[Directions for this task] Using only the entries below, output the lines starting at the one containing "64 Benton Street" and ending at the one containing "Tôi Sắp Ly Hôn", exactly and inclusive of both, omitting the pictures.

(Source records)
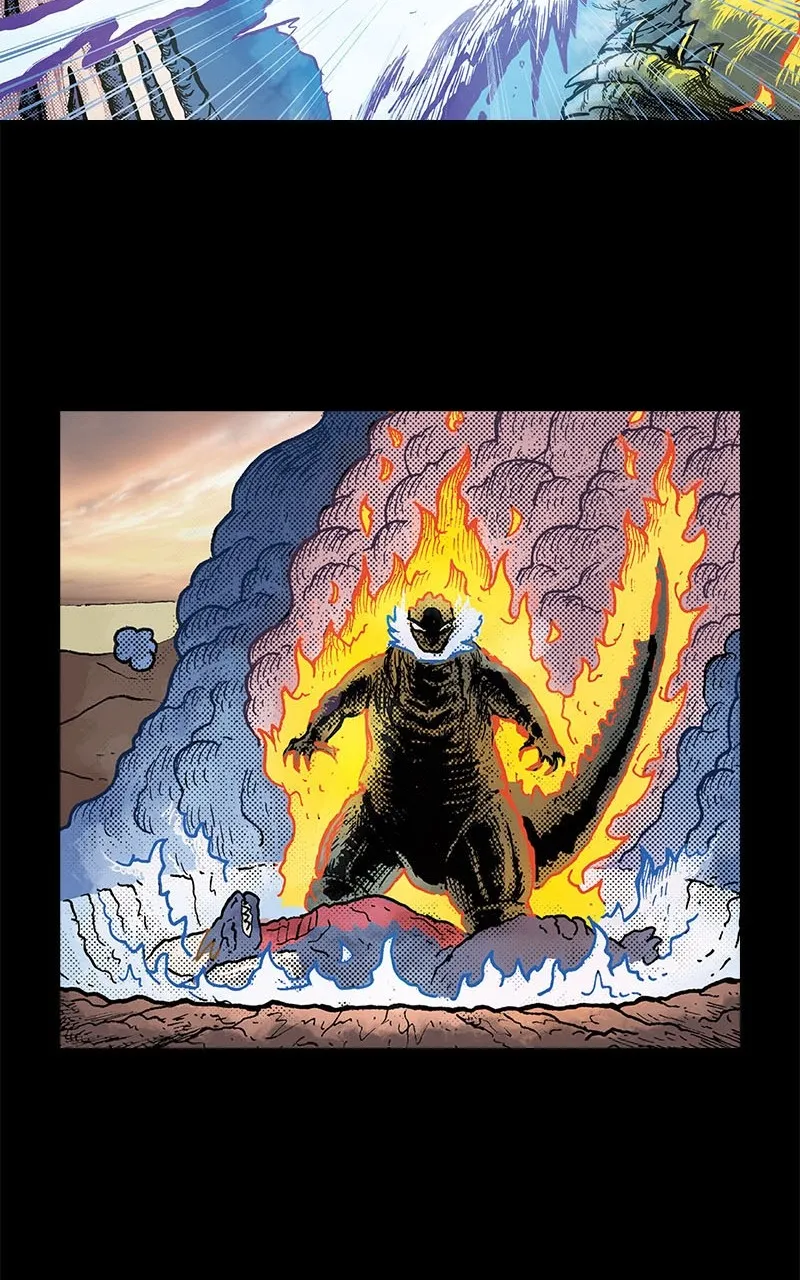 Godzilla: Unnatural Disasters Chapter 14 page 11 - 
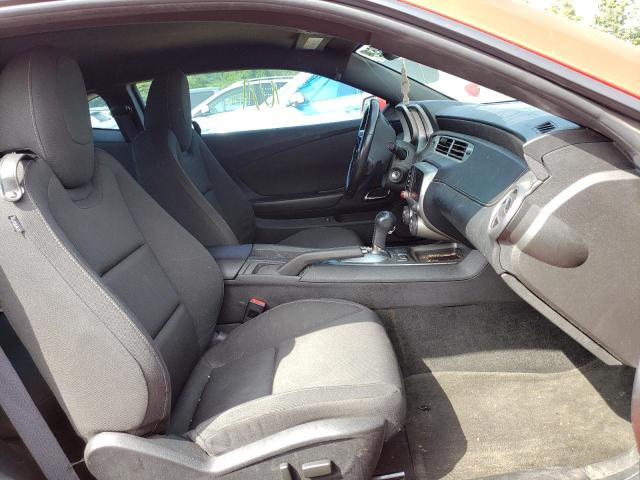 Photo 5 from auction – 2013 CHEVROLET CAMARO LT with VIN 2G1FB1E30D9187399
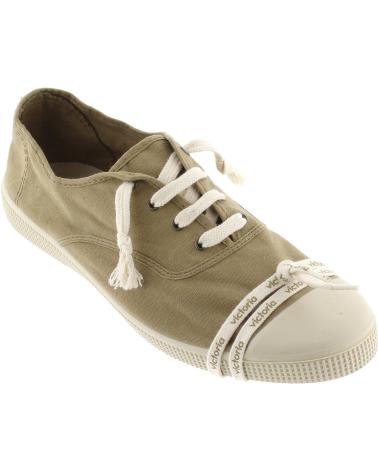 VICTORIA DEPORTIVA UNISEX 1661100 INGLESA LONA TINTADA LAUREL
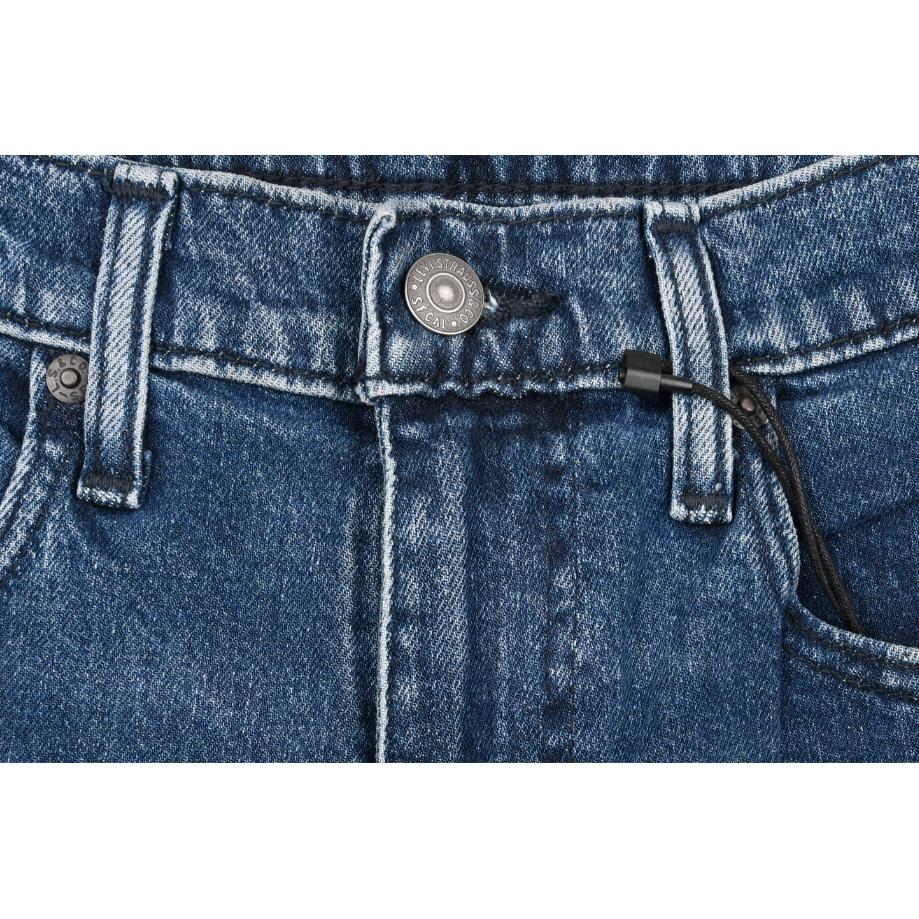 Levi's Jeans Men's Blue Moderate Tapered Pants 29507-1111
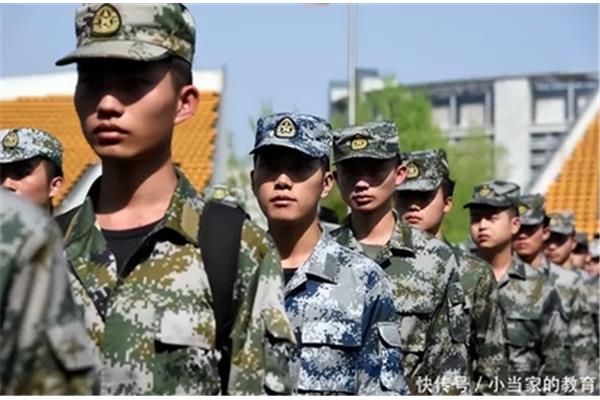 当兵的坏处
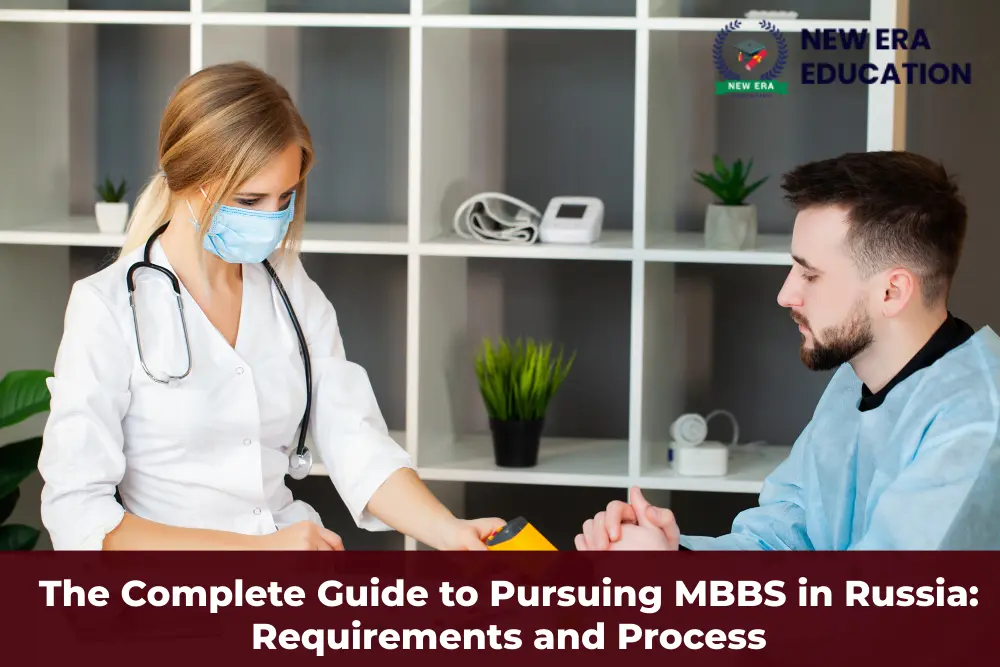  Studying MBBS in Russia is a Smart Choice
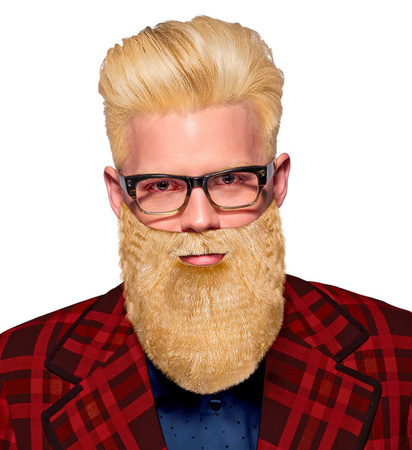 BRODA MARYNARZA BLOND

--

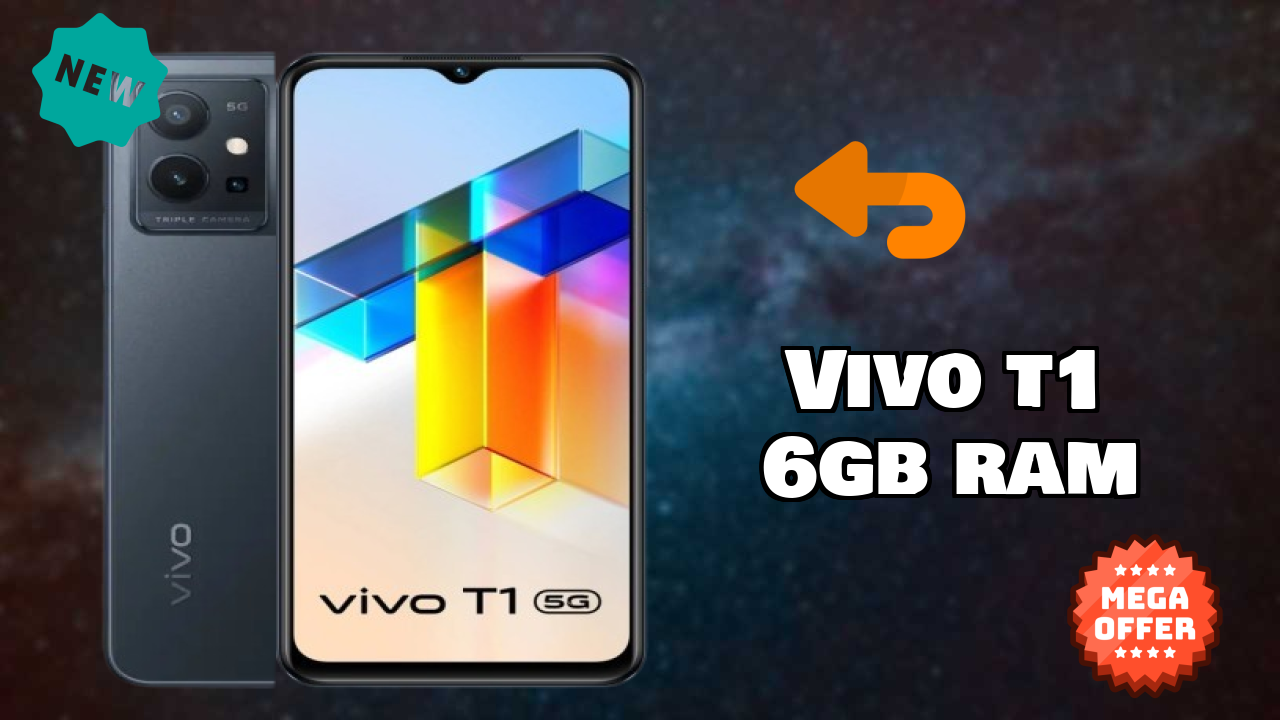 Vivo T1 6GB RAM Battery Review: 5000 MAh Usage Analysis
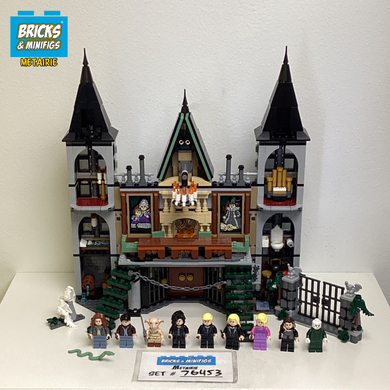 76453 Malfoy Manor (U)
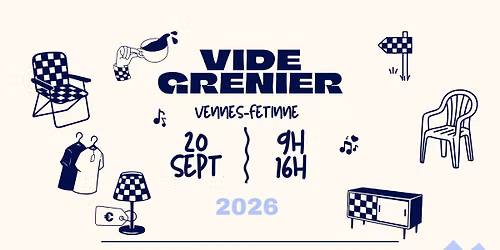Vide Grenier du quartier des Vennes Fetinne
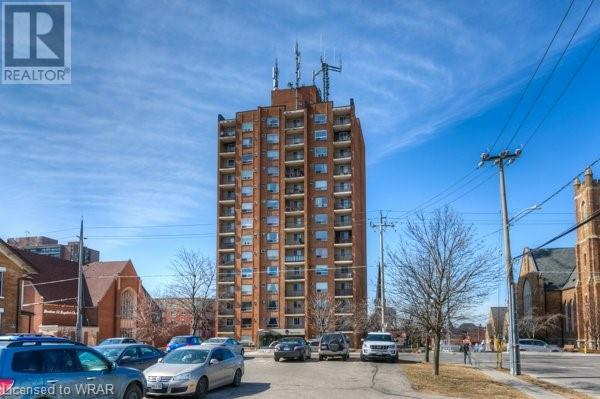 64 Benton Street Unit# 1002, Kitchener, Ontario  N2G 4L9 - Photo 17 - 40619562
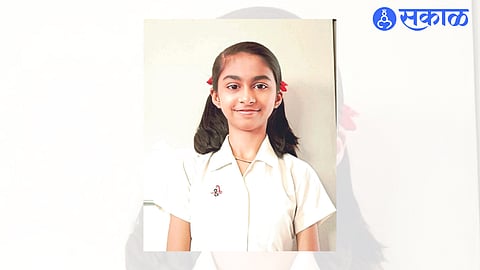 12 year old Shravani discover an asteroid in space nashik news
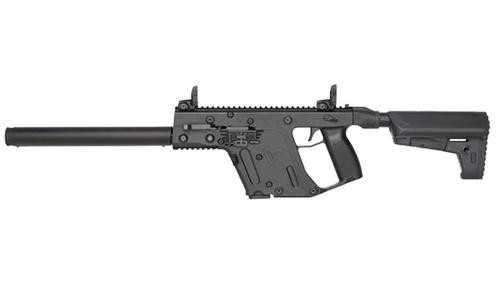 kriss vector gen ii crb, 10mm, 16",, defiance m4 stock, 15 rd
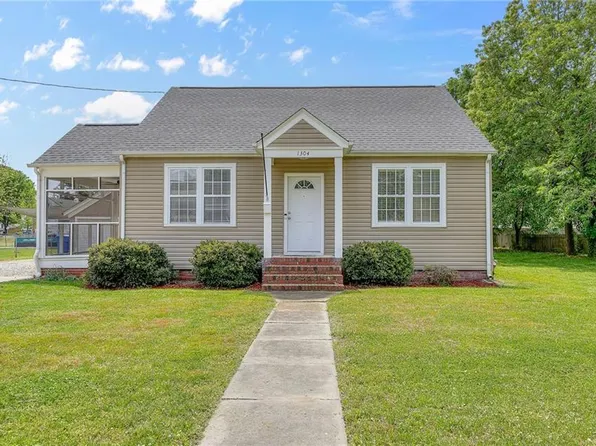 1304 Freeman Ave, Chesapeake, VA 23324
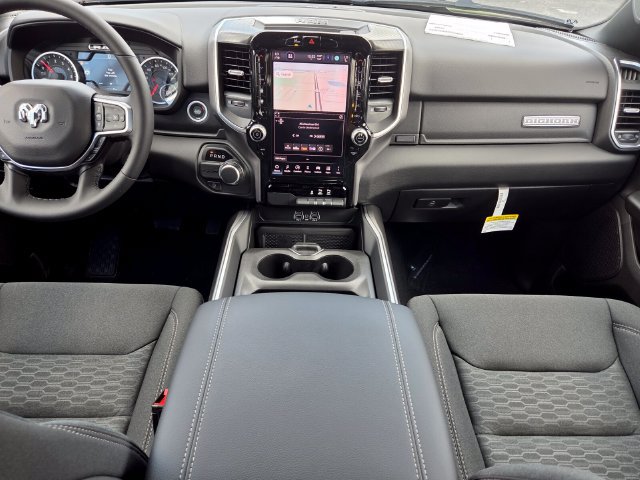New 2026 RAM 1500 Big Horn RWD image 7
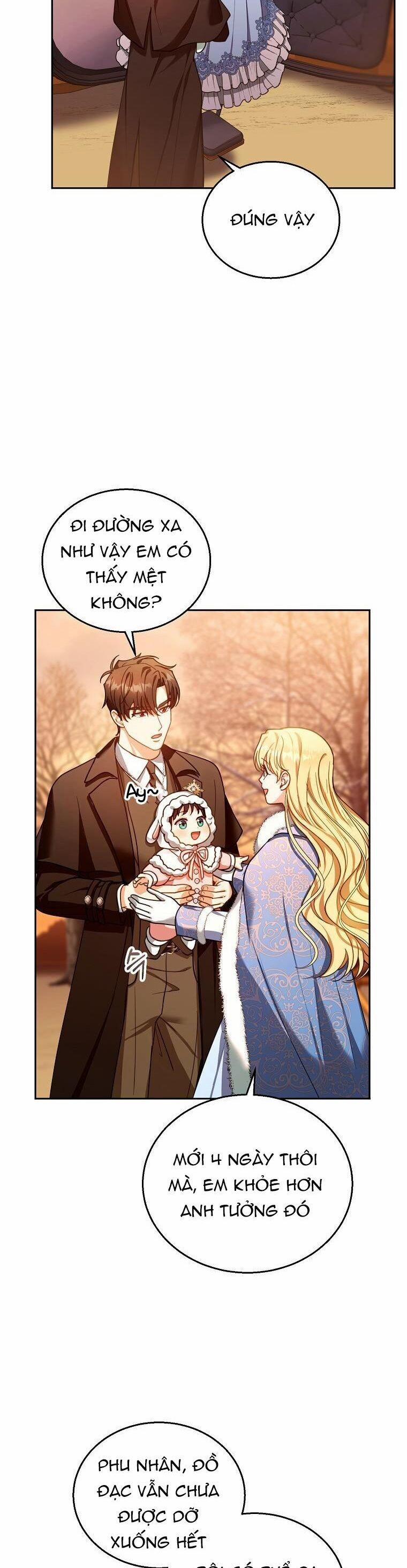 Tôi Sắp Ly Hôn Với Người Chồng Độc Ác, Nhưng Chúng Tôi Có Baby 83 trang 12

[Reply to the exercise]
 64 Benton Street Unit# 1002, Kitchener, Ontario  N2G 4L9 - Photo 17 - 40619562
 12 year old Shravani discover an asteroid in space nashik news
 kriss vector gen ii crb, 10mm, 16",, defiance m4 stock, 15 rd
 1304 Freeman Ave, Chesapeake, VA 23324
New 2026 RAM 1500 Big Horn RWD image 7
 Tôi Sắp Ly Hôn Với Người Chồng Độc Ác, Nhưng Chúng Tôi Có Baby 83 trang 12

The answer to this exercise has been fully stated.